Brain Food
Challenge, Curation and Switching On - Havas London's Strategy Chief
Clare Phayer outlines three things that keep her strategically sharp
26 January 2026
Switching on the antenna
If there’s one thing I’d want strategists to prioritise above anything else is keeping your ear to the ground. And sometimes that’s easier said than done! As a mum of two, life can too easily default into routines. That’s why I make an active choice, to flick that internal switch from “head down, must-get-this-done” mode to “antenna up, pay attention” mode. When I make that shift, I stop moving through the world on autopilot and start noticing the brilliant everyday details that can otherwise pass me by. Snippets of chat in my local pub, the way parents hype their kids at swimming lessons, the honesty commuters share without meaning to. Living in Lincoln helps too; I get a view outside of the capital - and the conversations are different! When I’m switched on, normal life becomes a constant feed of clues about what people value, fear, and want which inspires new thoughts for the clients I work on.
Curating inputs that stretch my perspective
Inspiration also comes from what I choose to surround myself with, and the variety of diverse, brilliant minds at Havas, this is often one of the first places I’ll turn. I’m lucky to work closely with my colleagues in PR, social, media, events, corporate comms, CX, and more. Just being around that mix of skills gives me access to perspectives I wouldn’t get anywhere else!
But beyond my work home, I always supplement my inspiration pot with varied inputs - reading outside the marketing world, dipping into psychology or anthropology are loves of mine, or watching documentaries on subjects I know nothing about. Or, when life needs to go horizontal, and I end up going down a TikTok rabbit hole that starts with one video and ends somewhere completely unexpected. When I give myself a wider set of ingredients, I feel like I can make more interesting mental connections and my strategic thinking feels bigger and more exciting because I stop thinking purely through the lens of briefs, campaigns, or categories.
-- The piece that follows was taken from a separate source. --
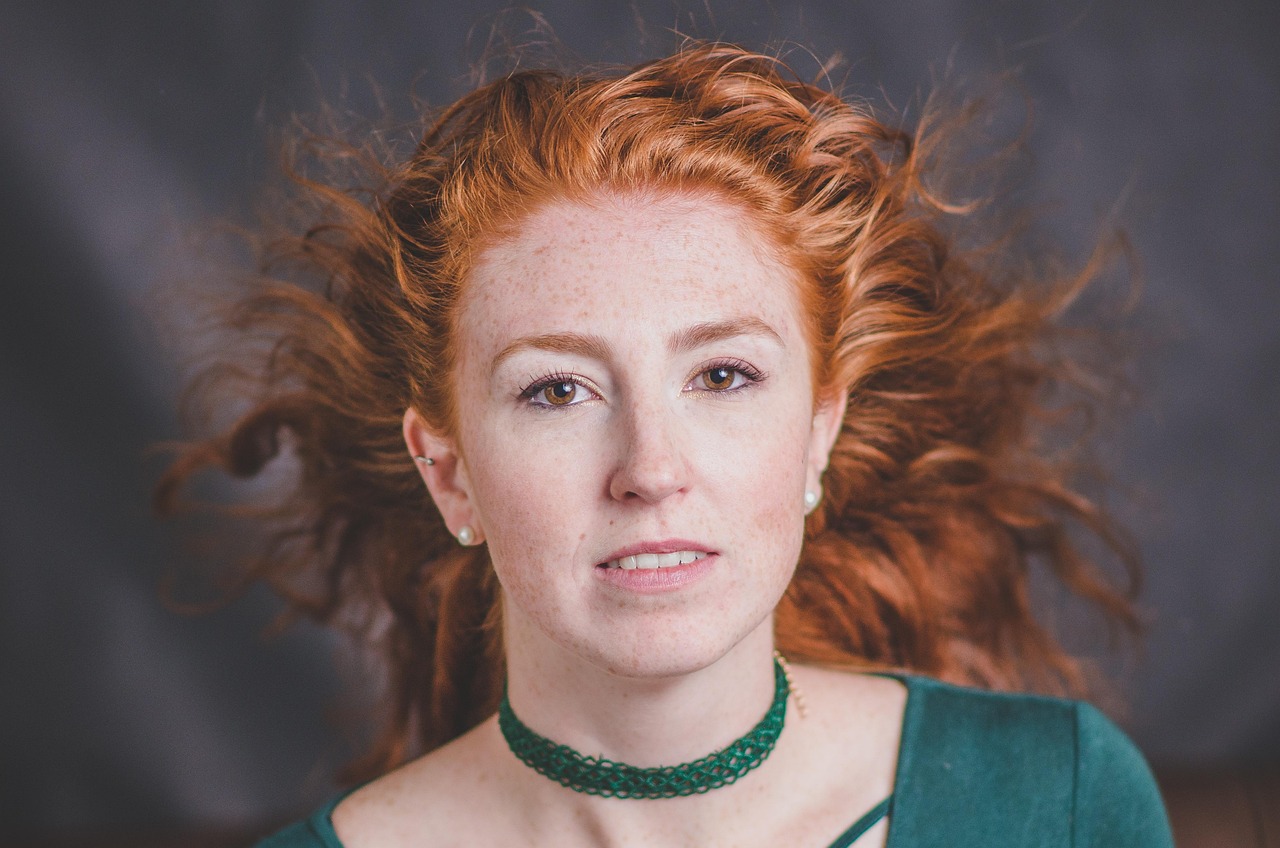 明星發(fā)型男，引領(lǐng)時(shí)尚潮流的發(fā)型典范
Letting myself be challenged and changed
The final part, and maybe the most important is remaining open to being wrong. My inspiration often comes from moments that challenge what I thought I knew. A throwaway comment in a café that contradicts the category narrative. A behaviour that doesn’t match the research deck. A colleague pushing back on an assumption I didn’t even realise I was making. These moments can feel uncomfortable, but that’s exactly why they’re valuable. They force me to rethink, reframe, and sometimes completely reset my understanding of a problem. And that’s where the fresh thinking comes from.
Being a strategist isn’t about having the answers straight away, it’s about being curious enough to let the world shift your perspective.